First Edition, Volume I: August 2006  

Part I - Study Skills and Strategies

Principles and Strategies for Memorization

6. Think about it. A fact doesn't belong to you until you have used it. In making use of this principle, plan to spend not more than one-half of your study period in reading your lesson. Use the other half in doing something with what you learn. Think about what you have studied, write down notes on it, and explain it to somebody else.

7. Logical memory. One of the most important of all aids to the remembering process is the habit of associating a new idea immediately with facts or ideas that are already firmly lodged in the mind. This association revives and strengthens the old memories and prevents the new one form slipping away by anchoring it to the well-established framework of your mental world.

8. Remembering by brute force. We will forget more, on the average, during the first hour after learning that during the next 24 hours; and we will forget more, on the average, during the first day than we will during the next thirty days.
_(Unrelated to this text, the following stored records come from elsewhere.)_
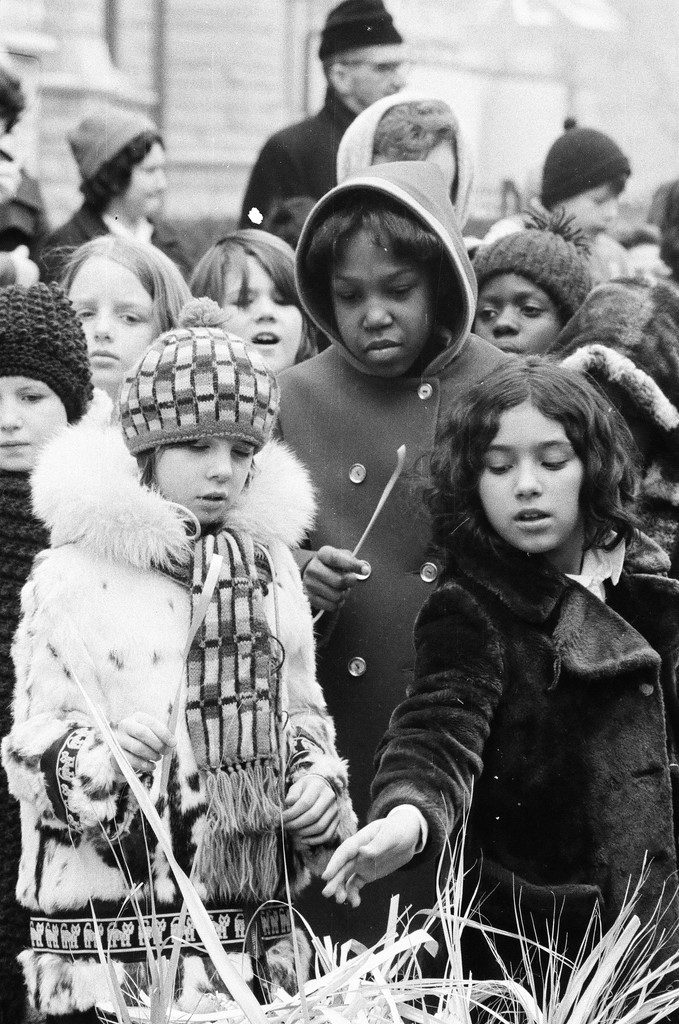 School children fill a barrel with palms that nuns then burn for Ash Wednesday in front of Holy Name Cathedral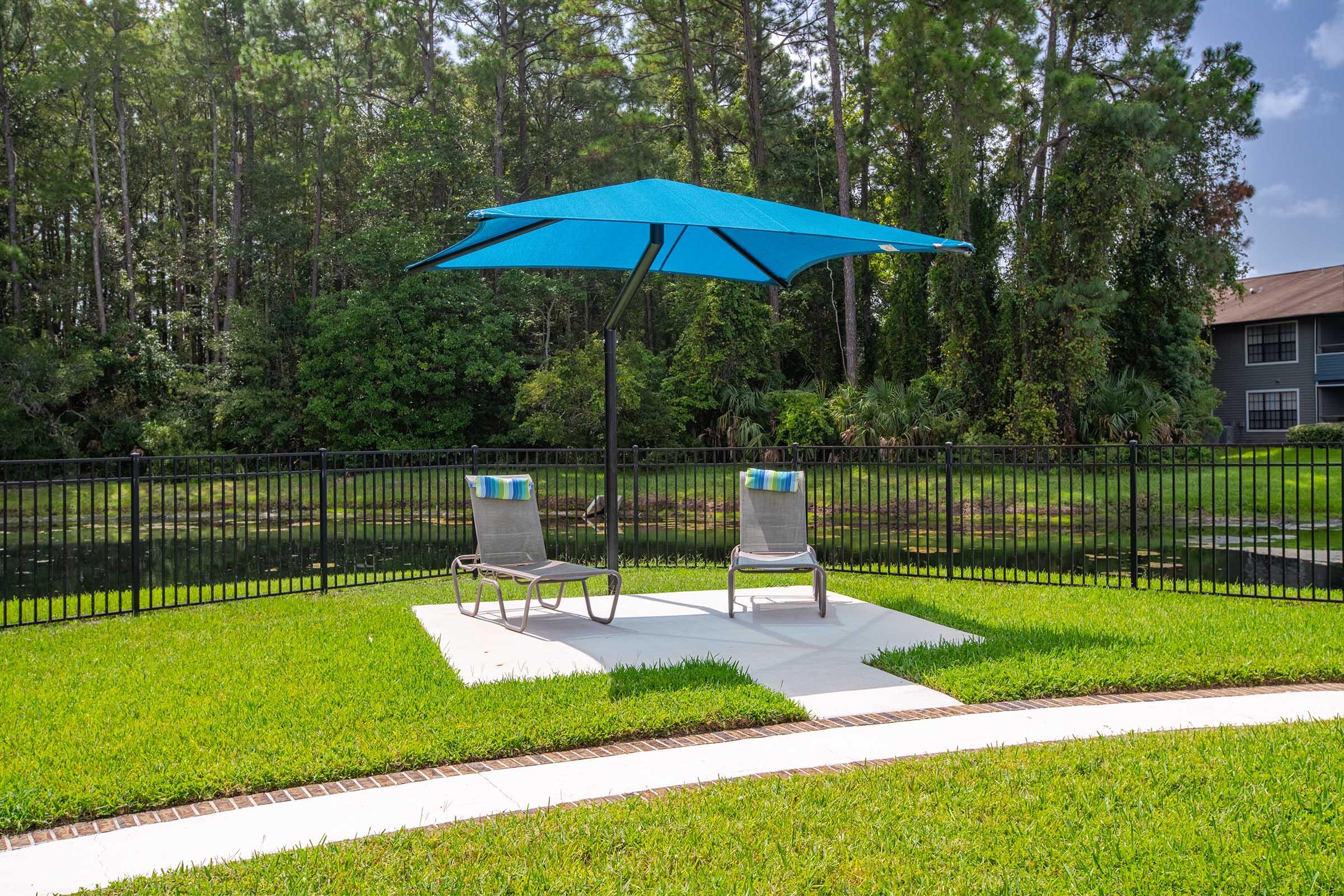 Two lounge chairs with cushions positioned under a bright blue umbrella, set on a concrete pad surrounded by lush green grass. In the background, a wooded area is visible, alongside a fenced-in seating area near a body of water. The sky is clear with a few clouds.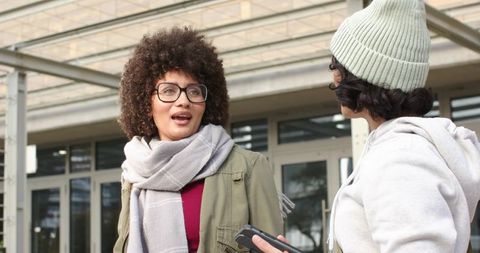 Diverse women talking at university entrance holding smartphone wearing eyeglasses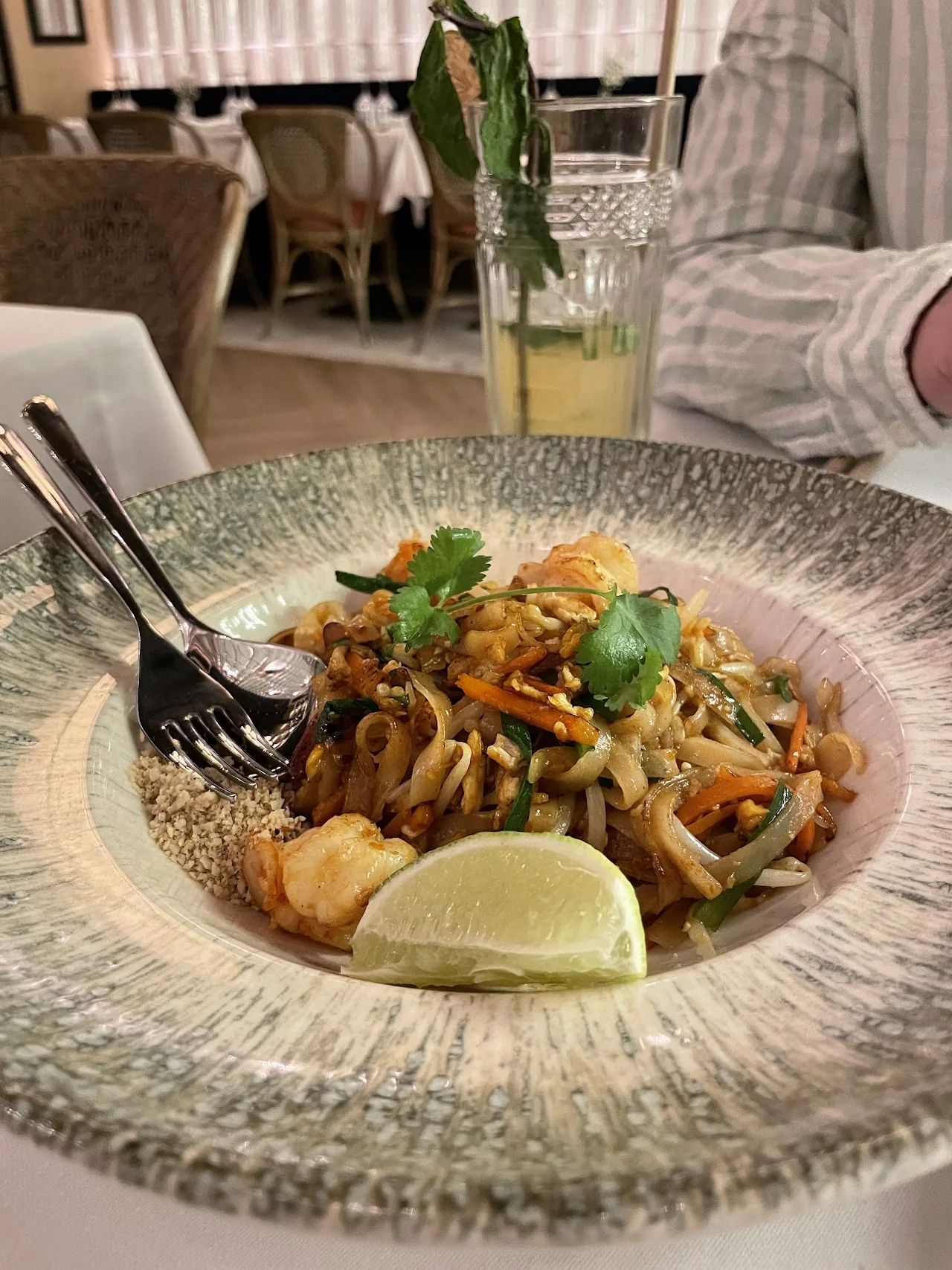 A bowl of stir-fried noodles with shrimp and a lime wedge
Whatever is left after thirty days time, we will probably be able to hold on to without much further loss for years to come.

9. Reviewing is much more effective if carried out before memories have entirely escaped than it is after considerable time has elapsed. Repetitions should be strung out over as long a time as is available. We remember better if we pause a little between periods of study.

10. How much study? You should study more than enough to learn your assignment. Experiments have proven that 50% more resulted in 50% better retention. After a week had passed, it was found that extra work had salvaged six times as much of the material as in the case when it was barely learned.